Was Twitter und andere Web-Firmen an Behörden so ausplaudern (müssen)

Der Kurznachrichten-Dienst Twitter hat vor kurzem seinen ersten Transparancy Report veröffentlicht, in dem die FIrma ähnlich wie Google versucht aufzuzeigen, wie oft und welche Staaten auf Nutzerdaten Zugriff verlangen. Der traurige Trend, den beide Unternehmen bemerken: Die Forderungen nach Daten hat sich 2012 gegenüber 2011 deutlich gesteigert.

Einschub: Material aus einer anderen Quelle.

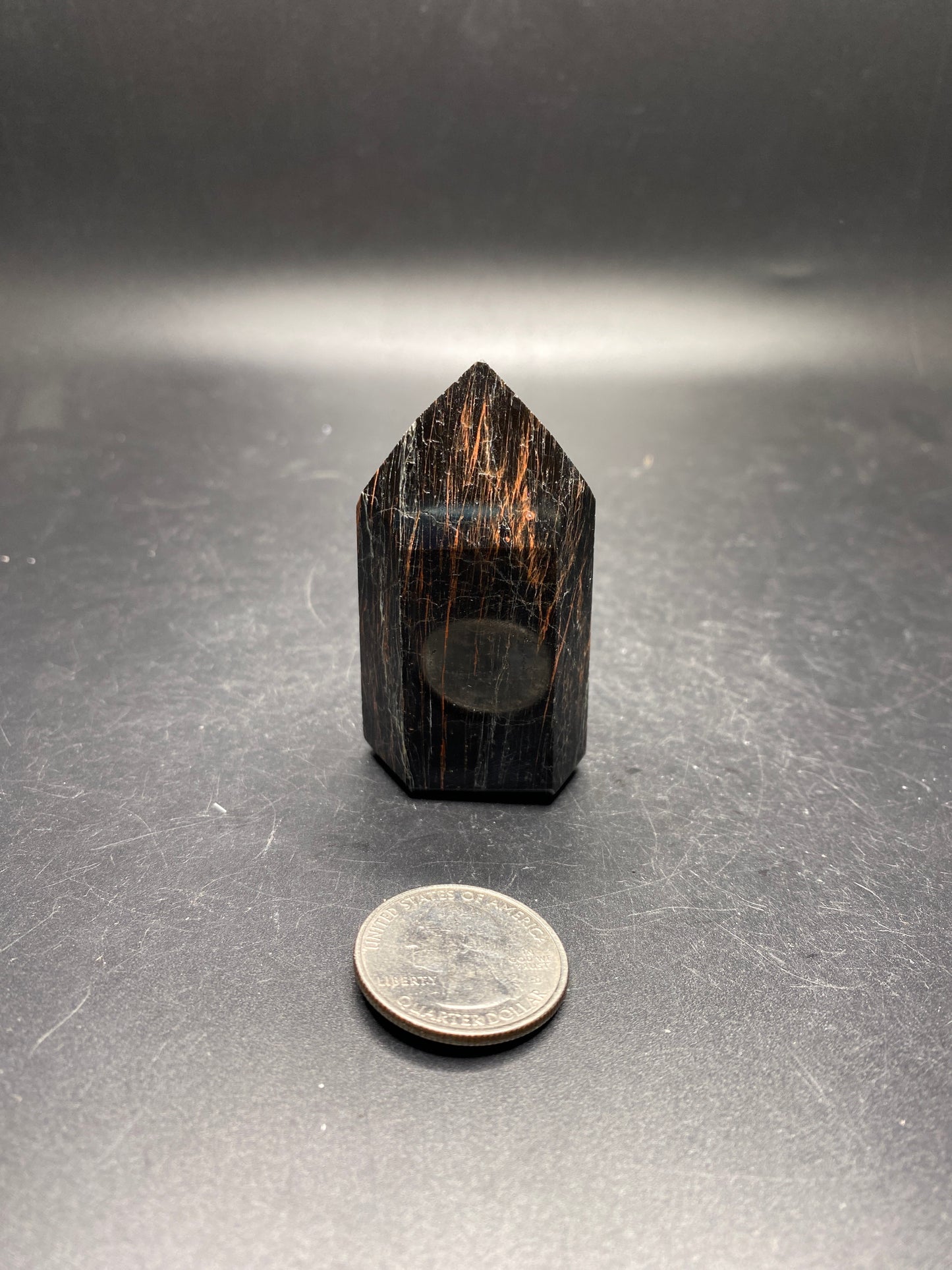 Black Tourmaline with Hematite Towers - Brazil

23 Länder haben bei Twitter im ersten Halbjahr 2012 mehr als 800 Datenherausgaben gefordert, die mehr als 1100 Account betreffen. Die USA und Japan sind die neugierigsten, aber auch aus Österreich und Deutschland gab es <10 Anfragen. Insgesamt erfüllt Twitter, die noch vor kurzem gelobt wurden, Daten eines Occupy-Aktivisten zu schützen, 63 Prozent dieser Anfragen. Firmen sind eben auch nur Firmen.
Mehr Daten als man glaubt
Wenn man allerdings glaubt, dass Twitter sowieso nur öffentliche Daten der Nutzer herausrücken kann (schließlich twittern die meisten sehr öffentlich), der irrt. Der Kurznachrichten-Dienst hat laut seinen Datenschutz-Richtlinien ziemlich interessante Informationen über seine Nutzer:
Username, IP-Adressen(n), Direktnachrichten, GPS-Daten, Log-Daten (=Zeit des Zugriffs), Tweet-Button-Nutzung, Fotos, Follower, Following, Listen, Handy-Nummer, eMail-Adresse, gelöschte Tweets
Twitter kommt in der Analyse der US-Bürgerrechtsorganisation EFF, welche Unternehmen hinter ihren Nutzern steht, eigentlich ganz gut weg. Die Firma informert den Nutzer, wenn es einen Zugriff gibt, legt Transparenz-Berichte vor und tritt vor Gericht und im US-Kongress für die Rechte der Nutzer ein. Das macht Twitter aus Aktivisten-Perspektive viel sympathischer als Apple, Facebook, Microsoft, Amazon, Foursquare oder MySpace, die sich in solchen Belangen relativ wenig um Nutzerdaten scheren.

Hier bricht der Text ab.